## Data for review

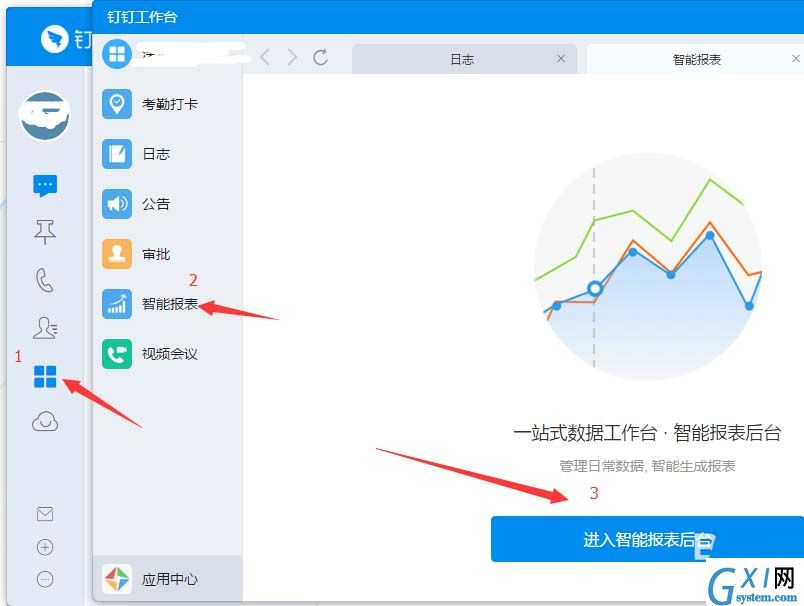 在钉钉中导入外部的excel表格数据的图文教程截图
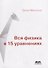 Вся физика в 15 уравнениях - 0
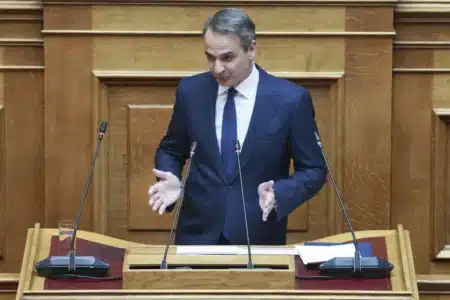 ΜΗΤΣΟΤΑΚΗΣ ΠΑΝΕΠΙΣΤΗΜΙΑ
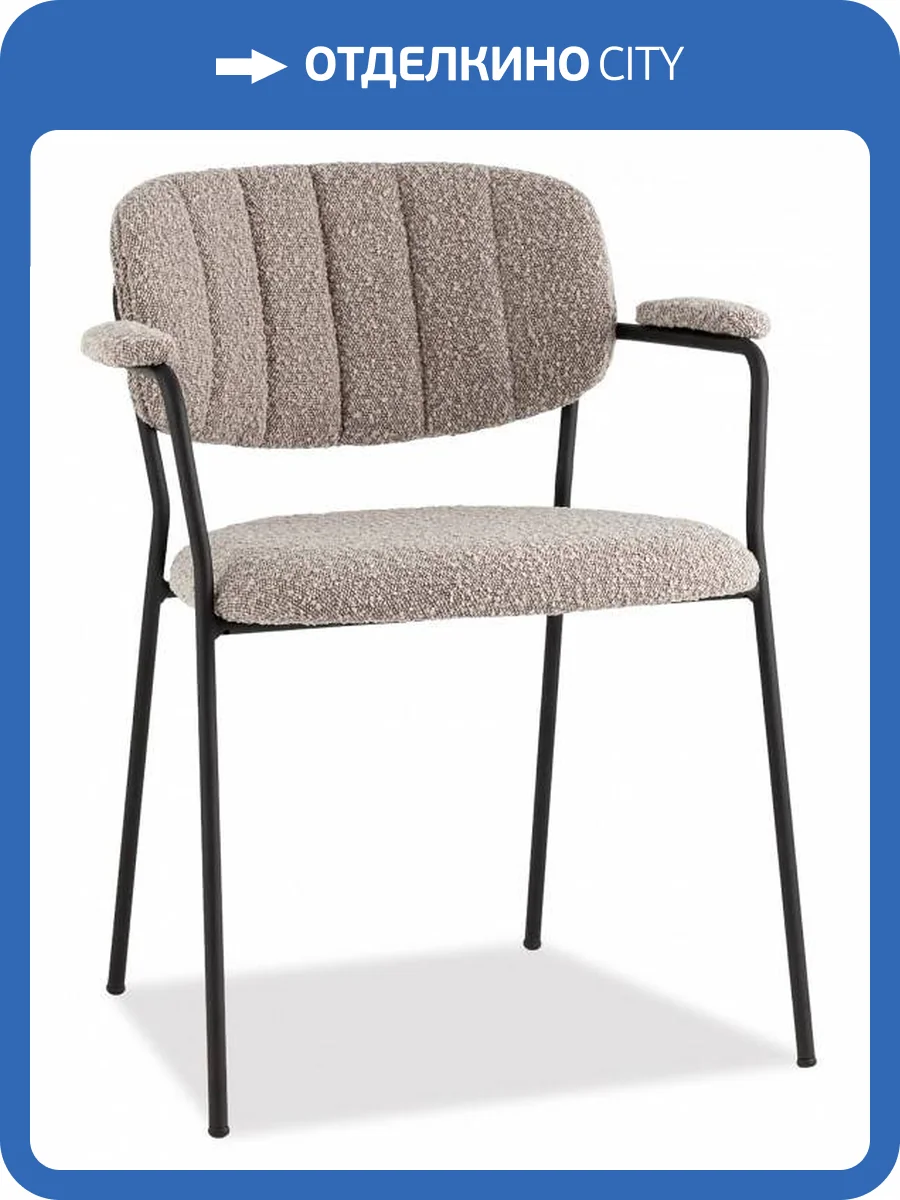 Стул Stool Group Кэрол FDC9005 DC2635-4A grey букле серый, черные ножки фото 8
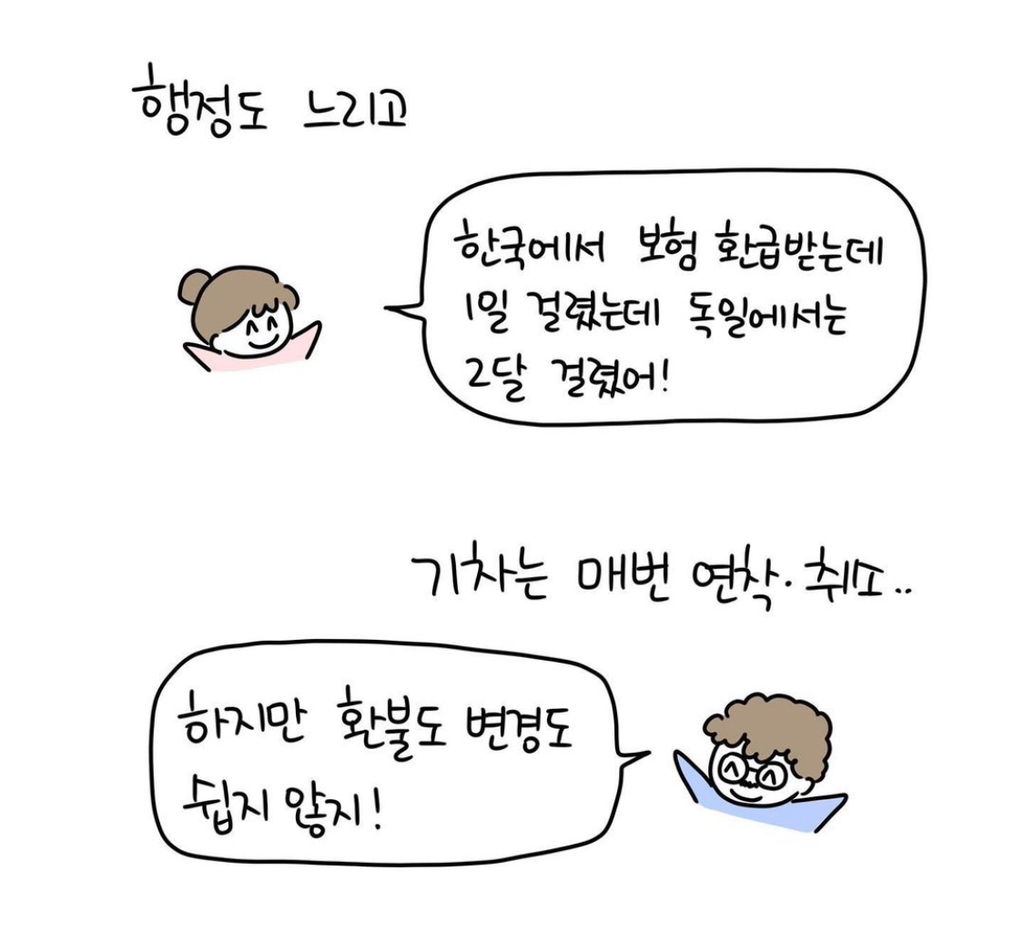 독일 거주자가 말하는 독일에 오면 안 되는 유형 다섯 가지 | 인스티즈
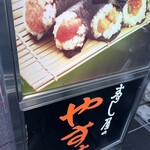 すし屋のやすけ - 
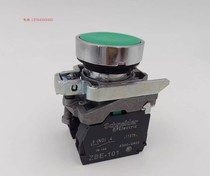 Schneider flat metal switch button green XB4BA35 red XB4-BA45 self-reset 1 open and close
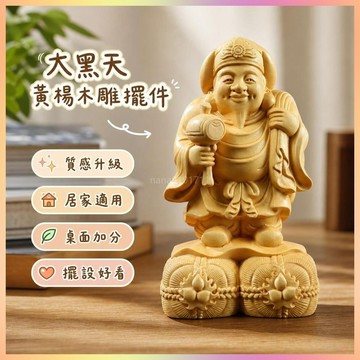 【開運館】 祈福 🔔 開光 黃楊木雕擺件創意大黑天佛門護法神七福神財神送禮辦公室 招財 生意 平安 偏財 辟邪 擋災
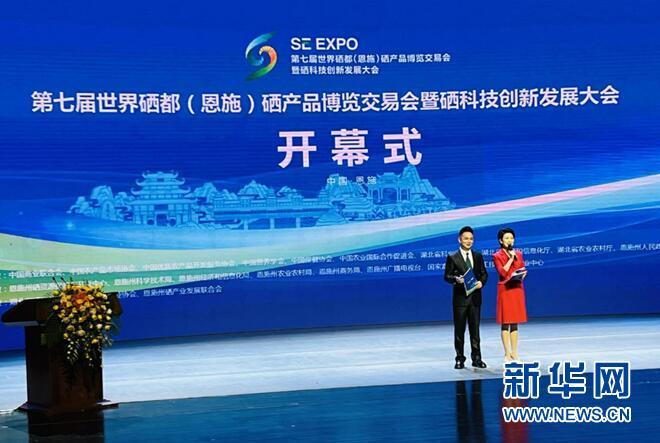 思施富硒大米（富硒大米口感如何）-硒宝网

## Problem to work on
Starting at the line that contains "ΜΗΤΣΟΤΑΚΗΣ ΠΑΝΕΠΙΣΤΗΜΙΑ", transcribe every line through the end of the listing exactly, including both end lines and excluding pictures.

## Response
 ΜΗΤΣΟΤΑΚΗΣ ΠΑΝΕΠΙΣΤΗΜΙΑ
 Стул Stool Group Кэрол FDC9005 DC2635-4A grey букле серый, черные ножки фото 8
 독일 거주자가 말하는 독일에 오면 안 되는 유형 다섯 가지 | 인스티즈
 すし屋のやすけ - 
 Schneider flat metal switch button green XB4BA35 red XB4-BA45 self-reset 1 open and close
 【開運館】 祈福 🔔 開光 黃楊木雕擺件創意大黑天佛門護法神七福神財神送禮辦公室 招財 生意 平安 偏財 辟邪 擋災
 思施富硒大米（富硒大米口感如何）-硒宝网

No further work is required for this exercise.